[tahoe-dev] Bringing Tahoe ideas to HTTP

Thu Sep 3 04:06:33 UTC 2009

While Brian focused on browser-side improvements that could bring some
Tahoe-like features to the boring ol' web, I have been more interested
in extracting useful orthogonal features out of Tahoe-LAFS on the
other side: From the storage services upwards.

For starters, I imagine defining a simple Content-Hash-Keyed blob
storage API to which one may put a blob and receive a CHK for that
blob, and from which one may request a blob by key.  The put operation
may return a CHK key, but in promoting simple implementation, I'm
interested in extremely simple CHK derivations, such as a simple hash
of contents (without encryption).  (This lets clients do clever
bandwidth saving tricks, for instance.)

Now this service is incredibly simple to understand and implement.

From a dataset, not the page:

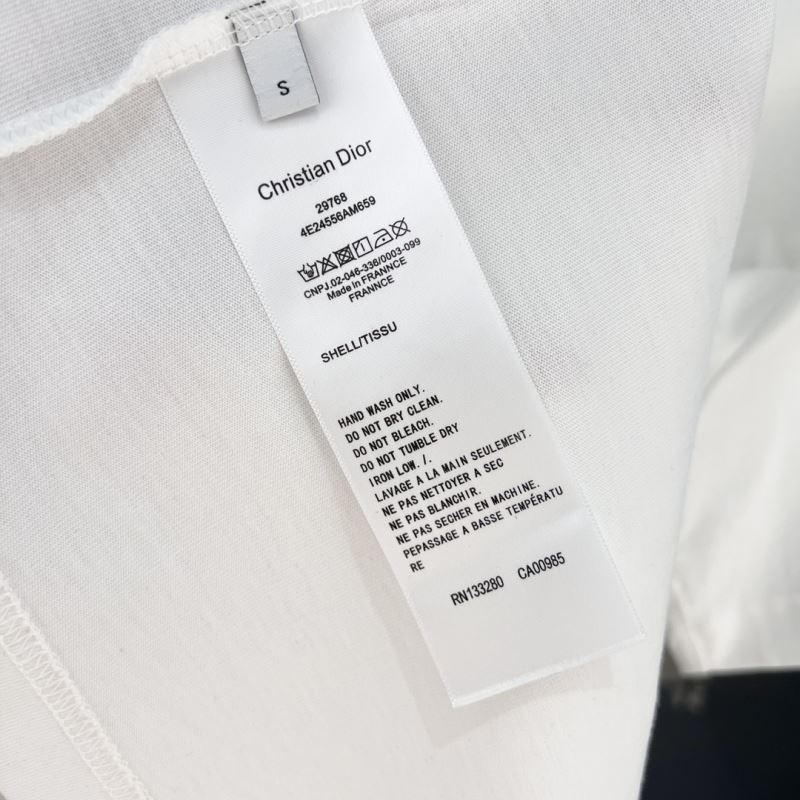 Christian Dior T-Shirts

Notice, this API is a subset of the WAPI.  So is it possible to keep
extracting other orthogonal features, such as CHK encryption for
immutable files, erasure coding, mutable files, and lease management
in piecewise increments, where each feature set is a fairly
independent and easy-to-implement chunk?

Consider three different architectures:

A. Trivial blob_storage:

client <-> blob_storage

B. Immutable Blobs with Confidentiality+Integrity:

client <-> encryption_layer <-> blob_storage

C. Immutable Blobs, Confidentiality+Integrity , Erasure-Coding:

client <-> encryption_layer <->
erasure_coding_layer_with_peer_selection <=> blob_storage

In these diagrams every component except for "client" has a simple
HTTP RESTful CHK API.  Also, I'm making important assumptions about
authentication and transport security between links in order to
preserve guarantees for the layers to the left of the link.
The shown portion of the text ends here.